Carol Bensimon (Escritora): 1919 (John dos Passos)

Não me lembro exatamente como cheguei a este livro. Mas acho que, quando o comprei num sebo, eu já tinha uma leve suspeita de que livros escritos no Entre-Guerras me atraíam demais. Algo a ver com a linguagem e com o espírito da época. Com John dos Passos não foi diferente. O painel que ele cria é incrível, gosto até dos experimentalismos, trechos de canções de guerra misturado a notíciais de jornais, e só o último capítulo, sobre um soldado desconhecido, já valeria toda a obra. Isso sem contar os trechos sobre Woodrow Wilson e Henry Ford. 1919 é o segundo volume da trilogia U.S.A. Pois é, ingenuamente comecei pelo segundo. Depois dele, no entanto, comprei a trilogia inteira, em inglês.
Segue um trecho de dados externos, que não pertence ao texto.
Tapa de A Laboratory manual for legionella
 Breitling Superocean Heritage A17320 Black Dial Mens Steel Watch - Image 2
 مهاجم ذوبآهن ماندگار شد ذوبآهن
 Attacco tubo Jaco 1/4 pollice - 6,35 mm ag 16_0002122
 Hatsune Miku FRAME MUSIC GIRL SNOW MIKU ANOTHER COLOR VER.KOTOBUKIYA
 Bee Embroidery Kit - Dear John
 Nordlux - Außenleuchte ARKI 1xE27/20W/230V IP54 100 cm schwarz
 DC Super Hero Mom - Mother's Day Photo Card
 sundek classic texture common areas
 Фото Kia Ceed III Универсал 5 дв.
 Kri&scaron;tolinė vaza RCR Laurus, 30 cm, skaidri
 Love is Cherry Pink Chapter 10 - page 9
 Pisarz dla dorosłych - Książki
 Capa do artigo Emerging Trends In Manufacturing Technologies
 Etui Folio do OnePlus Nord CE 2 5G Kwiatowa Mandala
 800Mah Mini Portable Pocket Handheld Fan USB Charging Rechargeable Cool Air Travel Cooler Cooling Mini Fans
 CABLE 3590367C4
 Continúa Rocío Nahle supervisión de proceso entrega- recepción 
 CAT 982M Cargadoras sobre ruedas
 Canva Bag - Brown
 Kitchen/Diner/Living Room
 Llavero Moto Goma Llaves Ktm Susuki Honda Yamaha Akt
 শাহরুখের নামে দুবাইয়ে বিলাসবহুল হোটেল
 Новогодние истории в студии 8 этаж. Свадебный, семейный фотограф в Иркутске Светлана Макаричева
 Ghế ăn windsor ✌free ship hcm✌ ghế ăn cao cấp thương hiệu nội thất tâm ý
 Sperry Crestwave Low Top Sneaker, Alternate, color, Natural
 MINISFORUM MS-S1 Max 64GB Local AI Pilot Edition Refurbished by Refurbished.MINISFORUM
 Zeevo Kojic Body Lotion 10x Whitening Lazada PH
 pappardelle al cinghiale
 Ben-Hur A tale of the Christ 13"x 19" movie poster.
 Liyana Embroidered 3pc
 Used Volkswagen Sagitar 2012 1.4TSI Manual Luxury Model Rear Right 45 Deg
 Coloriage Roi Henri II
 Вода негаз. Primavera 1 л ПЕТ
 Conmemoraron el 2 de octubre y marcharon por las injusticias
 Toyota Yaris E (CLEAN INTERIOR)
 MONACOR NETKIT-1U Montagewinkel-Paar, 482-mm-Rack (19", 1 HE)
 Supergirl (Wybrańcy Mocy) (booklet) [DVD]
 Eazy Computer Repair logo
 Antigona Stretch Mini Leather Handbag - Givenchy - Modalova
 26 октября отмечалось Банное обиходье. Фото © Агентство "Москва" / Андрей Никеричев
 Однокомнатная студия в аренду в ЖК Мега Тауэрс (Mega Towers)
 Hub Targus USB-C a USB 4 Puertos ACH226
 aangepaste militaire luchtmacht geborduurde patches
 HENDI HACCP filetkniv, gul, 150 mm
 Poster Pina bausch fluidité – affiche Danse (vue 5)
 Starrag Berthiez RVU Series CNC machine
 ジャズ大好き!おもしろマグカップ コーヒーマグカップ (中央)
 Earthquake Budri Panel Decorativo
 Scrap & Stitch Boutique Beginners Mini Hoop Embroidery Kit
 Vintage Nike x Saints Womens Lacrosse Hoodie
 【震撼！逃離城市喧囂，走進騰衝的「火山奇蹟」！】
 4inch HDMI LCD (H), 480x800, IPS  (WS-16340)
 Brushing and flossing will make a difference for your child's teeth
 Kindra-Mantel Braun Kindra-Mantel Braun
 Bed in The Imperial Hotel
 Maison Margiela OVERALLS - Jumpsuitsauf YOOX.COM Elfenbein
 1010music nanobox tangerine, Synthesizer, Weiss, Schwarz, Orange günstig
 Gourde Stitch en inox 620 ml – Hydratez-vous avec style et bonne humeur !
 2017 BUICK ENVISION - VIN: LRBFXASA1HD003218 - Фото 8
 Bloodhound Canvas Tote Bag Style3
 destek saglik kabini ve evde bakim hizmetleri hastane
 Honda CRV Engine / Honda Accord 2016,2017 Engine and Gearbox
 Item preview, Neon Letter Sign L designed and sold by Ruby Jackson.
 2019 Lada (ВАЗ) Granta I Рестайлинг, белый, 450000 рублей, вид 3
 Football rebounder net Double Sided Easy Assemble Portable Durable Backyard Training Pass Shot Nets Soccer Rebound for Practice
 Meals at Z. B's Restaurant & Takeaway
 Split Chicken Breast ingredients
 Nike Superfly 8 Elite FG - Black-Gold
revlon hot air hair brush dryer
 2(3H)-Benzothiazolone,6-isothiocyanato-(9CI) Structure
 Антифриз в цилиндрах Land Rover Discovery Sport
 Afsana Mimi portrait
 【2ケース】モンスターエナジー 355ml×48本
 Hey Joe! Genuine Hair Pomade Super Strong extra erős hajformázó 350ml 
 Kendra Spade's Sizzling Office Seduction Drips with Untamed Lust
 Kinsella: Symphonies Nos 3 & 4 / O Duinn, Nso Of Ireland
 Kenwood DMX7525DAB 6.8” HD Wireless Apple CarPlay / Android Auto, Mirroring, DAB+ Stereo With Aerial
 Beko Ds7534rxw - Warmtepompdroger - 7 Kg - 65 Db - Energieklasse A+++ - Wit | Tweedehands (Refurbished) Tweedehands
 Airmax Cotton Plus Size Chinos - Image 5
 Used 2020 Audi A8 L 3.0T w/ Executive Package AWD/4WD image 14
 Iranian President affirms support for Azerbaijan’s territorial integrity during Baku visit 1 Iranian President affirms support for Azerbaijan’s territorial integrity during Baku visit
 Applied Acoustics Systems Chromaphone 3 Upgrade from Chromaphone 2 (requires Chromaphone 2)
Samir Mesquita (Escritor): O homem sem qualidades (Robert Musil)

Um livro que certamente está na minha leitura do ano e, não dificilmente, entrará para uma das leituras da minha vida é o livro O homem sem qualidades, de Robert Musil (Ed. Dom Quixote, 2011 – tradução de João Barrento). Digo isso porque, composta de três volumes e quase três mil páginas, ainda não terminei de ler e sei que levarei anos para absorver apenas parte do tanto que ali está dito. Obra-prima de Musil (um dos nomes do “quarteto revolucionário” na prosa das primeiras décadas do século XX – Proust, Joyce, Kafka e Musil), este livro nos conta a história de Ulrich, mas na verdade é uma profunda investigação da alma de todos nós.